History

The Zeitschrift für Ethnologie (ZfE) was first published in 1869, edited by Adolf Bastian and Robert Hartmann. The older issues not only reflect the ups and downs of German ethnology, but they are also a mirror of international ethnology. 

The journal is published by two scientific societies: the German Association for Social and Cultural Anthropology (GAA or DGSKA in German) and the Berlin Society for Anthropology, Ethnology and Prehistory (BGAEU).

For the GAA, Prof. Dr. Gabriele Alex (Tübingen) is the editor, for the BGAEU, Prof. Dr. Alexis von Poser (Berlin) is the editor. The editorial team consists of Cora Bender, Hansjörg Dilger, Heike Drotbohm, Thomas Kirsch, Maurice Mengel, Konstanze N’Guessan, Anna-Lena Wolf and Olaf Zenker.

Contributions can be submitted in German and English.

 

Focus, Scope and Submissions

The ZfE/JSCA publishes original articles based on an argumentation-based analysis of empirical material and/or make an innovative contribution to theoretical or methodological discussions in the field of Social and Cultural Anthropology. A regular article in the ZfE comprises about 8000 words.

The Zeitschrift für Ethnologie offers three different formats for reviews: Book portraits, reviews and collective reviews. More information can be found here.
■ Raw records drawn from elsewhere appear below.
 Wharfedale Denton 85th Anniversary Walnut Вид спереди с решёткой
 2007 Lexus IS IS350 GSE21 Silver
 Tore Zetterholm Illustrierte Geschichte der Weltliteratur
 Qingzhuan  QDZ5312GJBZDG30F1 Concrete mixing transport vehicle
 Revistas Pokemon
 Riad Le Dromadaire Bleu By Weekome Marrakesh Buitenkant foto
Under the heading Shortcuts, shorter interventions (1400-1600 words) are published that make a contribution to controversial contemporary problems and/or theoretical debates in anthropology and may well be provocative in nature. The aim here is therefore not to present a subject comprehensively, but to develop a concise argument that ideally will lead to further discussions in the specialist community or even beyond.

Contributions can be submitted in German and English. More information on submissions can be found under Information for Authors.

Peer Review Statement ZfE/JSCA Zeitschrift für Ethnologie/Journal of Social and Cultural Anthropology

The ZfE/JSCA follows a strict peer review process.

Submitted articles will first be reviewed by the editors/the editorial team. At this stage, articles which do not conform to the disciplinary, academic, and formal standards of the journal will be rejected and the authors will be informed about this decision within 4-6 weeks.

Those articles that pass this first review process will proceed to a peer review (double blind), from at least two peer reviewers. To make this peer review process transparent and comprehensible, the reviewers are asked to follow a catalogue of questions and to come up with a suggestion (see below). After receiving the two peer reviews, the editors will evaluate these and discuss the further procedure. In case of a grave dissonance between the two reviews or other issues that require further evaluation, the editors might obtain a third peer review.

Based on these peer reviews the editors will formulate one of the following outcomes: - Acceptance without revision; - Acceptance possible after slight revision; - Acceptance possible after extended revision; - Rejection – and inform the authors about it together with the crucial information form the peer reviews. This peer review process will generally take between 6-8 weeks, if a third peer review is obtained the review process might take up to 12 weeks or sometimes even longer, depending on the availability of the reviewers.